Deconvoluting spatial data

With the deconvolution_spatial workflow, one or multiple spatial slides can be deconvoluted in one run. For that, a MuData object for each slide is expected, with the spatial data saved in mdata.mod["spatial"]. The spatial slides are deconvoluted using the same reference. For the reference, one MuData with the gene expression data saved in mdata.mod["rna"] is expected as input.

The workflow provides the possibility to run deconvolution using Cell2Location and Tangram.

Steps

Cell2Location

For the reference and each spatial slide the following steps are run. Note, that if multiple slides are deconvoluted in one run, the same parameter setting is used for each slide.

  • Gene selection. There are two possibilities for the gene selection:

    1. Genes of a user-provided feature set (csv-file) are used for deconvolution. All genes of that gene list need to be present in both, spatial slides and scRNA-Seq reference.

    2. Feature selection performed according to Cell2Location, i.e. via the function: cell2location.utils.filtering.filter_genes

    Note: if no csv-file is provided by the user, the workflow will run the feature selection via the function: cell2location.utils.filtering.filter_genes. Thus, gene selection is not optional.

  • Regression/reference model is fitted and a plot of the training history as well as QC plots are saved in the ./figures/Cell2Location directory. Additionally, a csv-file Cell2Loc_inf_anver.csv with the estimated expression of every gene in every cell type is saved in ./cell2location.output.

  • (Optional) Reference model is saved in ./cell2location.output

  • Spatial mapping model is fitted. Training history and QC plots are saved in the ./figures/Cell2Location directory. Plot of the spatial embedding coloured by q05_cell_abundance_w_sf is also saved in ./figures/Cell2Location.

  • (Optional) Spatial mapping model is saved in ./cell2location.output

  • MuData objects of the spatial slide and the reference are saved in ./cell2location.output. The MuData object of the spatial slide contains the estimated cell type abundances.

Tangram

For the reference and each spatial slide the following steps are run. Note, that if multiple slides are deconvoluted in one run, the same parameter setting is used for each slide.

  • Gene selection with two possibilities:

    1. Genes of a user-provided feature set (csv-file) are used for deconvolution. All genes of that gene list need to be present in both, spatial slides and scRNA-Seq reference.
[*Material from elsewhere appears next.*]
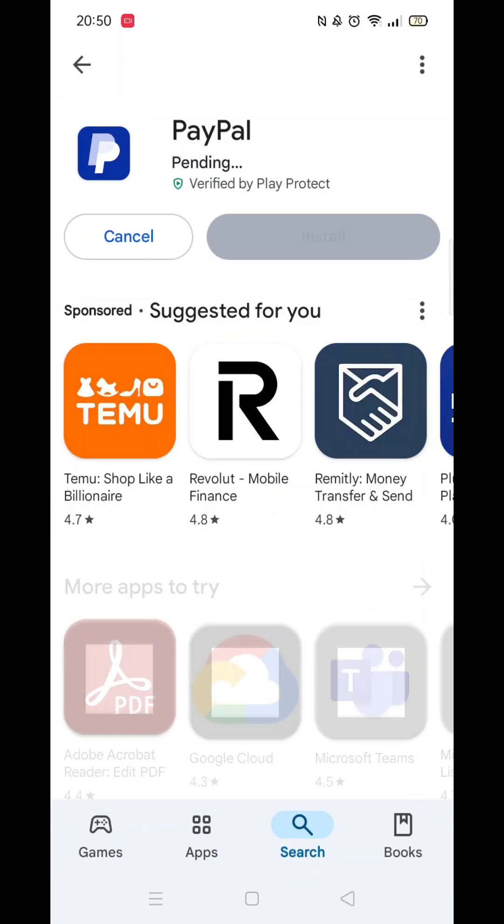Once you have checked and are happy to proceed, click the back arrow button in the top left corner, then hit the big blue install button to download the app.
    2. sc.tl.rank_genes_groups is used to select genes. The top n genes of each group make up the reduced gene set.

    Note: if no csv-file is provided by the user, the workflow will run the feature selection via sc.tl.rank_genes_groups. Thus, gene selection is not optional.

  • Data is preprocessed with tangram.pp_adatas

  • Tangram model is fitted with tangram.mapping_utils.map_cells_to_space and annotations are transfered from single-cell data onto space with tangram.project_cell_annotations

  • Plot of the spatial embedding coloured by tangram_ct_pred is saved in ./figures/Tangram

  • MuData objects of the spatial slide and the reference are saved in ./tangram.output. The MuData object of the spatial slide contains the deconvolution predictions.

Steps to run

  1. Activate conda environment conda activate pipeline_env

  2. Generate yaml and log file panpipes deconvolution_spatial config

  3. Specify the parameter setting in the pipeline.yml file

  4. Run complete deconvolution workflow with panpipes deconvolution_spatial make full --local

The Deconvoluting spatial data tutorial guides you through deconvolution workflow of Panpipes step by step.